Maria Giovanna Lando ¹ , Flavia Tosi ¹ , Veronica Gremes ¹ , Federica Rosmini ¹ , Federico Lucarini ¹ , Tom Fiers ² , Bruno Lapauw ² , Jean-Marc Kaufman ² & Paolo Moghetti ¹

Author affiliations

¹University of Verona and Azienda Ospedaliera Universitaria Integrata Verona, Endocrinology, Diabetes and Metabolism, Verona, Italy; ²Ghent University Hospital, Departments of Clinical Chemistry and Endocrinology, Ghent, Belgium

JOINT1878

Context/Object: The relationship between hyperandrogenemia and metabolic abnormalities in women with polycystic ovary syndrome (PCOS) is still object of study. The biological effects of testosterone are modulated by SHBG, a protein, regulated by several factors, which binds circulating testosterone and regulates its bioavailability. Both the increase of free testosterone (FT) and the reduction of SHBG have been associated with insulin resistance and metabolic alterations. Whether SHBG may play an independent role in this phenomenon is still unclear, and the use of SHBG in FT calculation makes this analysis very difficult. Aim of this study was to investigate potential differences in the relationships of SHBG and FT with the metabolic, hormonal and phenotypic features of PCOS, using a measurement of serum FT independent of SHBG assay. Study design and Subjects. Cross-sectional study including 280 women with PCOS diagnosed by the Rotterdam criteria.

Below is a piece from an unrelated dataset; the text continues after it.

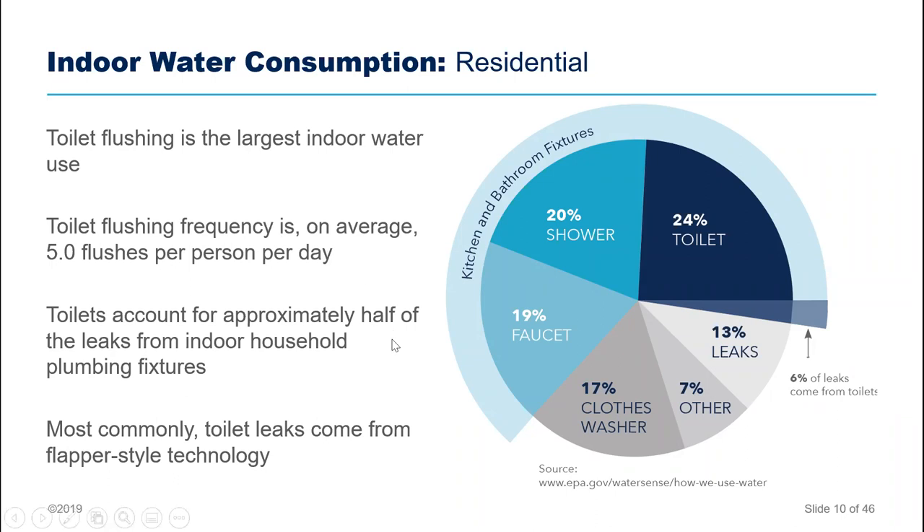The leaks from toilet fixtures are also important to note. On average, about 24% — about a quarter — of your home's indoor water is used by your toilet. But roughly half of all leaks from any fixture or appliance in your home come from the toilet, and many of those are attributable to the flapper-style technology inside the toilet tank. The flapper is somewhat imperfect — your toilet can leak without you even knowing it. You can test this by putting food coloring in your tank to see if it leaks into the bowl.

Methods: FT was measured by equilibrium dialysis with subsequent direct assay of the hormone by LC-MS/MS on the dialysate. Total testosterone and androstenedione were assayed by LC-MS/MS. Insulin sensitivity was measured by the hyperinsulinemic euglycemic clamp.

Results: Both SHBG and FT showed statistically significant and opposite relationships with anthropometric and metabolic parameters. Categorizing women with PCOS on the basis of their SHBG and FT levels (normal SHBG/normal FT, n = 74; low SHBG/normal FT, n = 39; normal SHBG/high FT, n = 39; low SHBG/high FT, n = 128), the two subgroups with low SHBG, and either normal or high FT, had worse anthropometric and metabolic profiles than subjects with normal SHBG/normal FT. This phenomenon was especially enhanced in women with low SHBG/high FT. Conversely, the subgroup with normal SHBG/high FT differed from women with normal SHBG and normal FT only for higher fasting insulin. In multivariable analysis, age, fat mass, insulin sensitivity and FT were all independent predictors of SHBG, whereas only insulin sensitivity and SHBG, but not fat mass, were independent predictors of FT. After adjusting data for age and fat mass, both FT and SHBG were independent predictors of insulin sensitivity. Moreover, in logistic analysis, the presence of metabolic syndrome was independently predicted by SHBG, but not by FT.

Conclusions: In women with PCOS, low SHBG and high FT levels are independently associated with insulin resistance, and the coexistence of these features enhances metabolic abnormalities.